[Task description]
In the entries below, repeat only the lines between those holding "Luxury Geniue Mink Fur Handbags photo-2" and "IUX ติดต่อ 2026", inclusive. Leave pictures out.

====== Provided records ======

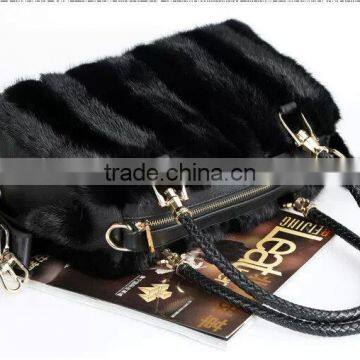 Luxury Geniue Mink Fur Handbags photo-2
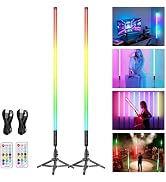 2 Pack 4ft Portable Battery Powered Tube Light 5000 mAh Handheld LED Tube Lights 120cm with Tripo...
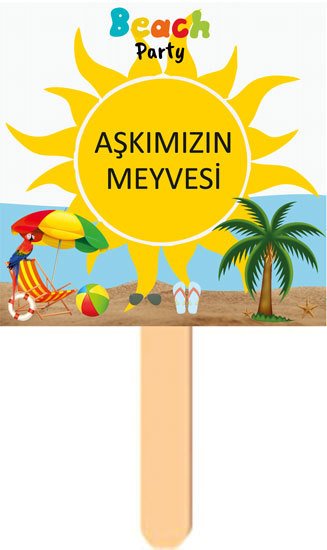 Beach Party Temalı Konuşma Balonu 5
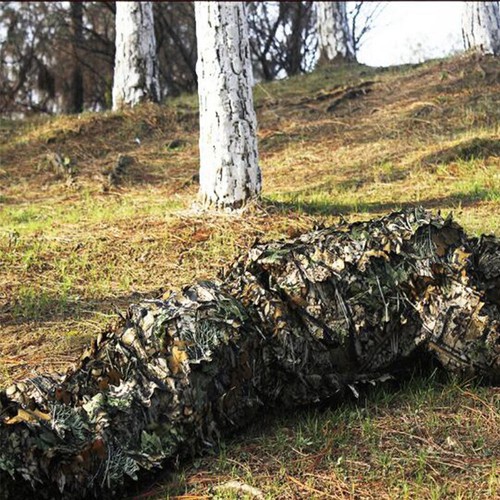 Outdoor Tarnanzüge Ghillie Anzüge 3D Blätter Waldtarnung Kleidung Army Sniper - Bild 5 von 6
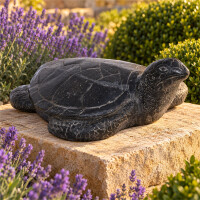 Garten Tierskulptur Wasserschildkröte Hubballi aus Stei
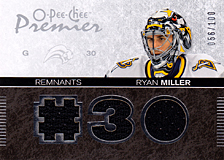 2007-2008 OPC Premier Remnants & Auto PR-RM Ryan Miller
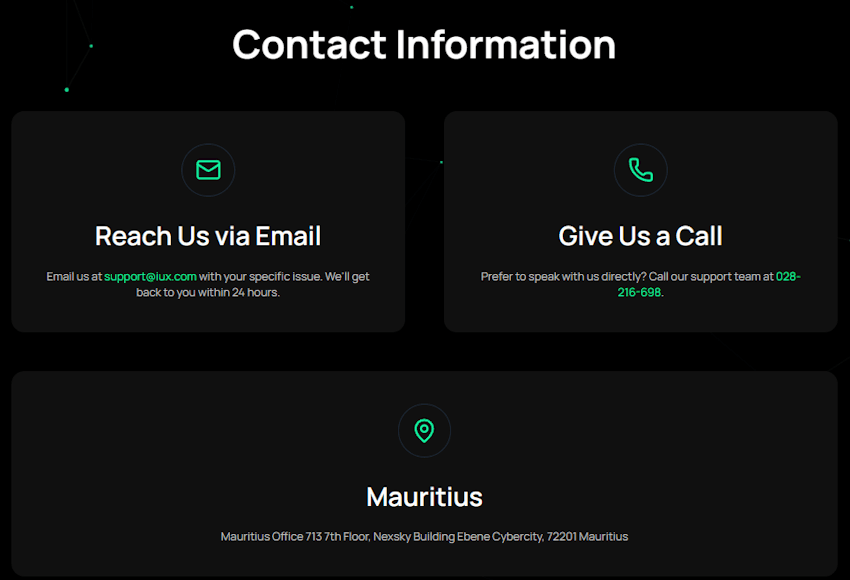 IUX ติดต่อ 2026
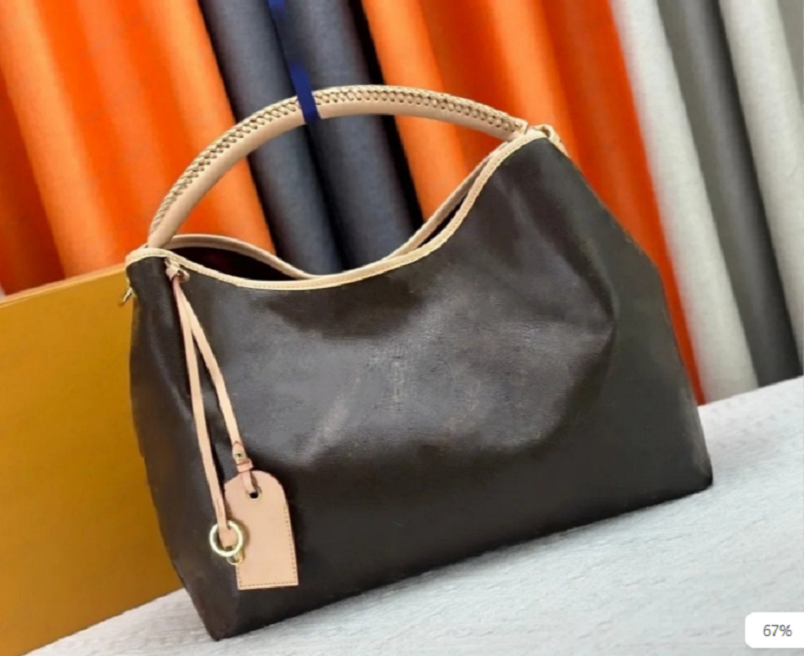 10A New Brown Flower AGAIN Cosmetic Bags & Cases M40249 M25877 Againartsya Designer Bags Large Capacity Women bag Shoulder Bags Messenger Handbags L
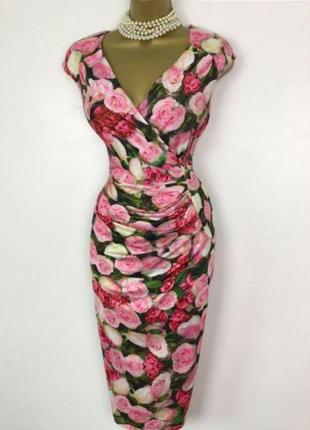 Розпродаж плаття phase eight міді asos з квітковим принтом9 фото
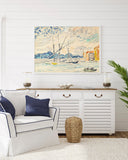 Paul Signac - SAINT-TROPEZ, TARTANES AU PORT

======
====== Provided records ======

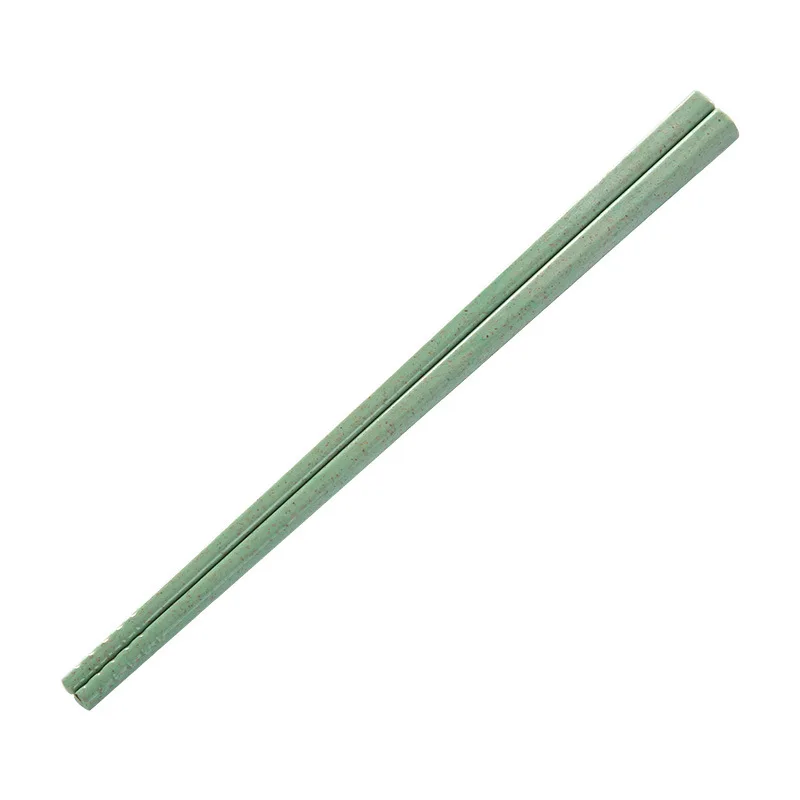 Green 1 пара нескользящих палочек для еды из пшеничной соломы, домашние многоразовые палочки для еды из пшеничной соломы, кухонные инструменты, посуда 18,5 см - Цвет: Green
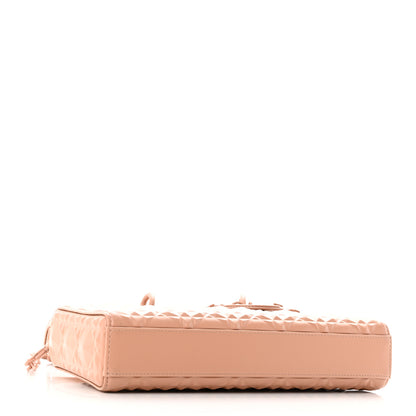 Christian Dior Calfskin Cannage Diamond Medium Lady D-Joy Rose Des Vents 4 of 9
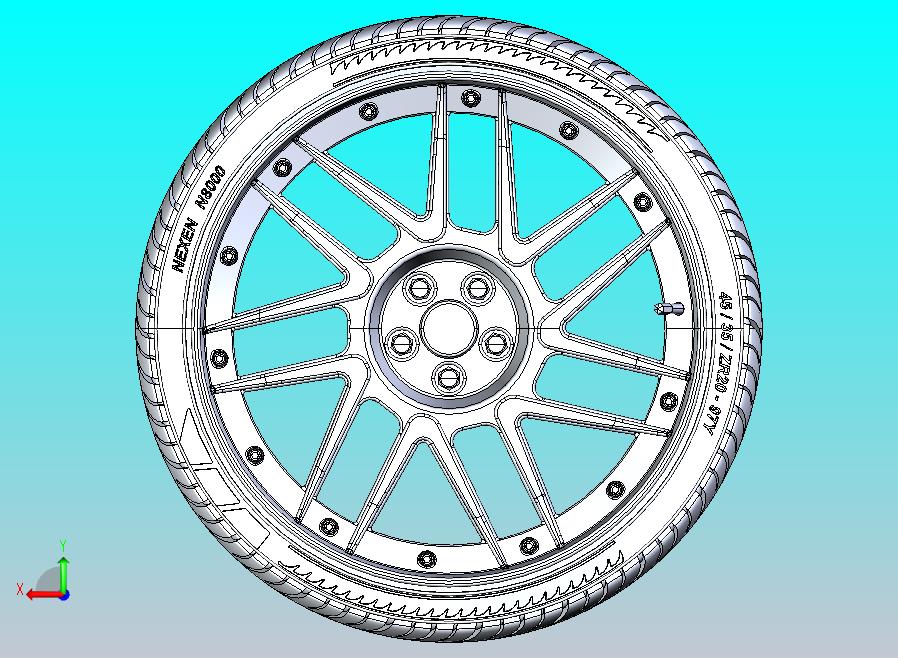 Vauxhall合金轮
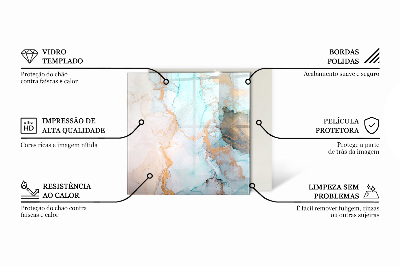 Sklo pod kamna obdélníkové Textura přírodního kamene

======
====== Provided records ======

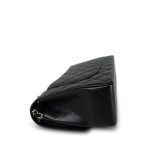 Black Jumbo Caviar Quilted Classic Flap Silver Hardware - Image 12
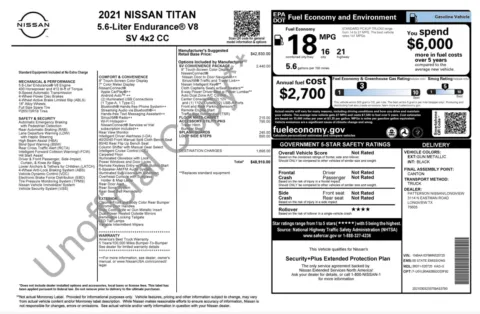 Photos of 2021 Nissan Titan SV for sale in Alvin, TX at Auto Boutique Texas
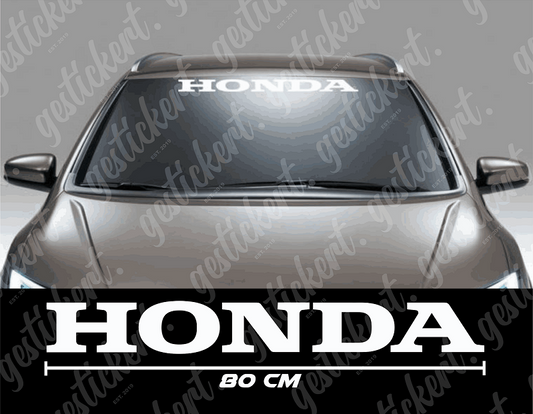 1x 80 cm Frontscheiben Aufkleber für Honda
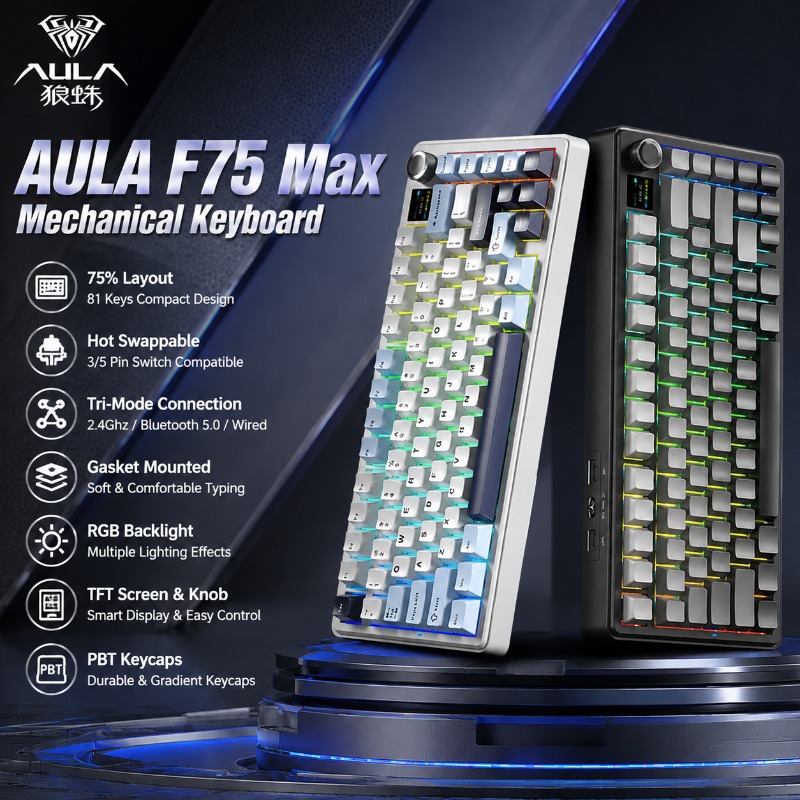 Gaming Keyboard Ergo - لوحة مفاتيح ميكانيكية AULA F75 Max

======

[Expected answer]
 Luxury Geniue Mink Fur Handbags photo-2
 2 Pack 4ft Portable Battery Powered Tube Light 5000 mAh Handheld LED Tube Lights 120cm with Tripo...
 Beach Party Temalı Konuşma Balonu 5
 Outdoor Tarnanzüge Ghillie Anzüge 3D Blätter Waldtarnung Kleidung Army Sniper - Bild 5 von 6
 Garten Tierskulptur Wasserschildkröte Hubballi aus Stei
 2007-2008 OPC Premier Remnants & Auto PR-RM Ryan Miller
 IUX ติดต่อ 2026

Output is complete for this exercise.